But the history is far older and more storied that just one Cambodian princess. A popular Khmer folk legend about Thun Chey – a celebrated revolutionary and scholar – features the dish. In the legend, Thun Chey was effectively exiled from the Khmer Empire to China by the Khmer king who was scared of his power and popularity. In China, he was forced to resort to making a living selling num banh chok. The delicious dish quickly gained popularity with the Chinese, until even the emperor of China had heard about it. The emperor requested that Thun Chey bring the noodles to the palace and while he was tasting them, Thun Chey sneaked a look at the emperor’s face – an act that is strictly forbidden.

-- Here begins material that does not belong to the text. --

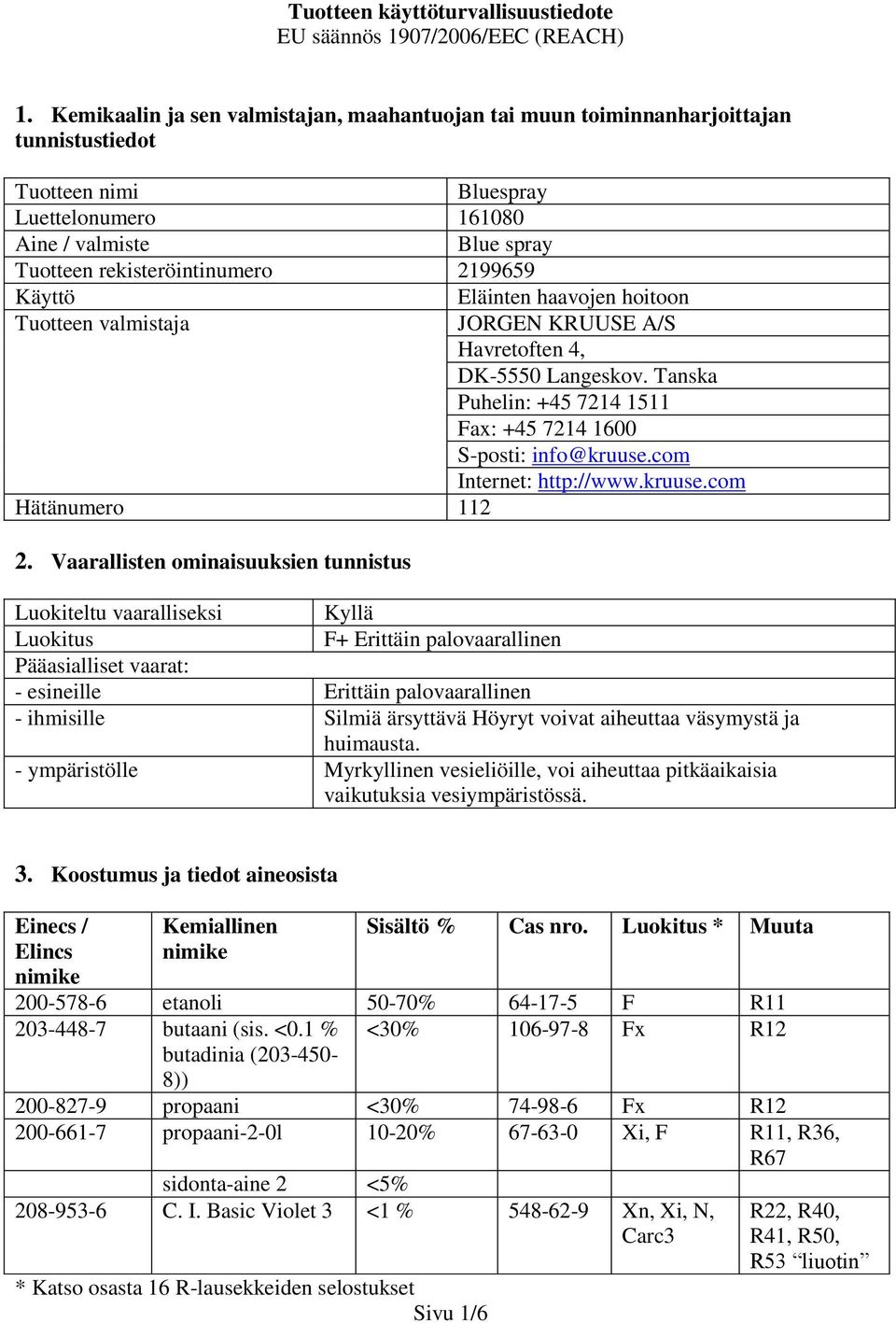 2199659 Käyttö Eläinten haavojen hoitoon Tuotteen valmistaja JORGEN KRUUSE A/S Havretoften 4, DK-5550 Langeskov. Tanska Puhelin: +45 7214 1511 Fax: +45 7214 1600 S-posti: info@kruuse.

Predictably xenophobic, Thun Chey declares that the emperor of China looks like a dog, as opposed to the Khmer king who looks like the moon, and is promptly thrown in jail, only to be released and sent back to the Khmer empire soon after. Most Cambodians are familiar with the story and many will say that this is where China got the idea for noodles and the undeserved glory resulting from their invention.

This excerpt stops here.